In 2010, French entrepreneur Micha Benoliel had a vision: that the world’s billion or so smartphones could be turned into their own network, with each phone acting as a “node” extending the Internet as we know it. He started to raise money for a startup, Open Garden, which would allow phones to communicate directly through Wi-Fi, Bluetooth and other ubiquitous technologies independent of the Internet and cellular networks. In 2014, as a proof of concept, he built a demo messaging app to take advantage of that network, FireChat.
What happened next is a classic Internet story: The now 18-year-old leader of Hong Kong’s pro-democracy movement Joshua Wong called on the protesters to download FireChat to communicate, bypassing overloaded cellular networks and independent of the Internet, should the Chinese government decide to shut it down. In the first 24 hours, 100,000 people in Hong Kong had downloaded and installed the app; by the end of the week, 500,000 accounts had been created (in a city of 7 million).
FireChat was having a moment. We sat down recently with Benoliel, 42, in New York City to talk about what’s next for FireChat and his mission to turn the world’s smartphones into a parallel Internet.
IBTimes: You launched FireChat in March. What was the first sign you were onto something big?
Micha Benoliel: We were a No. 1 app in 15 countries and top 10 in 115 countries. The first important moment was the sunflower movement of students in Taiwan [in April]. The government threatened to shut down access to the Internet so students downloaded the app to keep communicating with students who were inside the parliament and outside the parliament.
What happened next is we saw a spike of users and installs in every country that was limiting access to social networks or messaging apps. We had a spike in Iran, we had a huge spike in Iraq, where we had 40,000 installs in Baghdad in one weekend.
IBTimes: But Hong Kong caught you a bit by surprise, didn’t it?
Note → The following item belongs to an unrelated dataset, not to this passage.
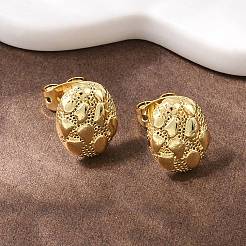 Brass Oval Stud Earrings&nbsp;EJEW-F400-24B-G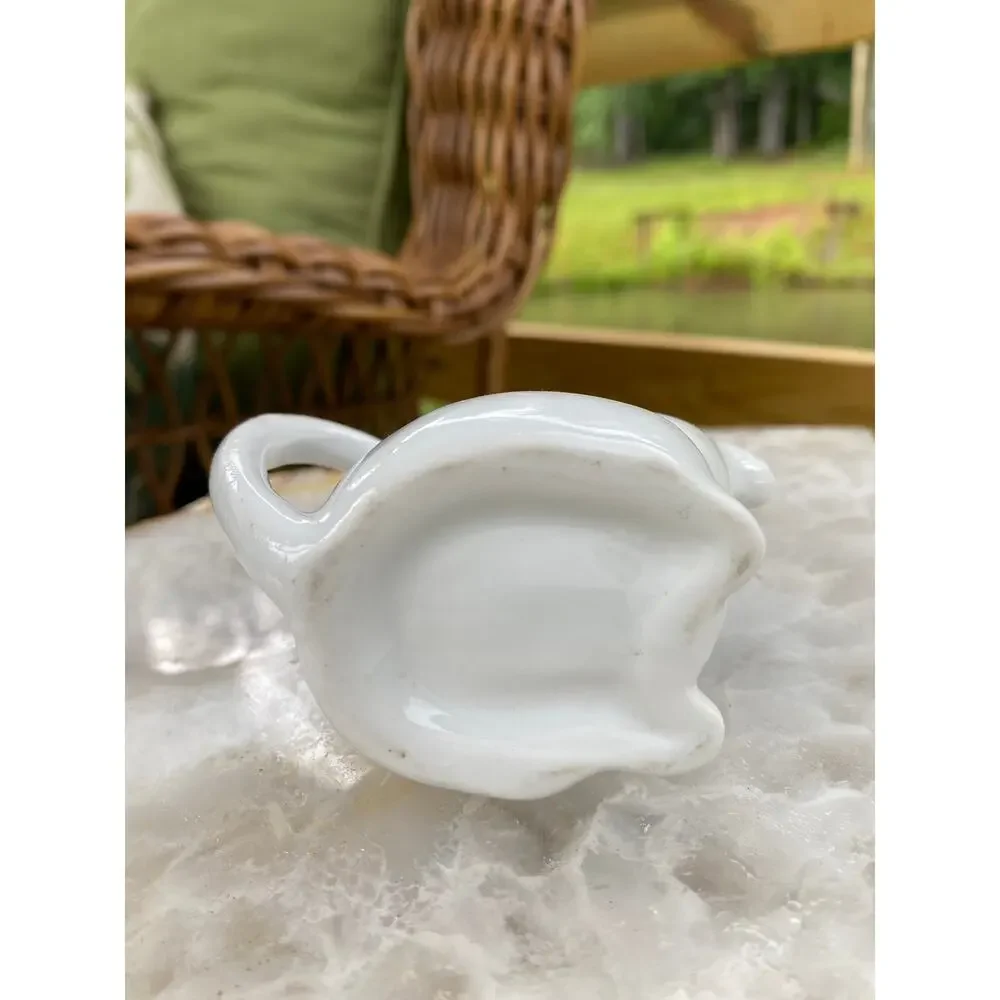 Glossy White Porcelain‎ Kitten Pitcher 2-3/4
When it got used in Hong Kong it was a completely surreal experience. In the streets of Hong Kong people come up to me and say thank you for what you did. I was on a layover from Bangalore on my way to San Francisco. I started to see a lot of simultaneous users on FireChat -- suddenly I see 15,000 users on the app in the city of Hong Kong. So I knew something exceptional was happening. I sent screenshots to my employees who know Chinese and they told me the protesters were using the app to organize themselves. Wong said the Chinese government may shut down access to the Internet. They never did, but you had so many people that the mobile networks were congested; they tried Facebook, WeChat, WhatsApp but they didn’t work. When they tried FireChat, they could still exchange messages. They shared spreadsheets and supplies. People were asking for people to bring water, all on FireChat.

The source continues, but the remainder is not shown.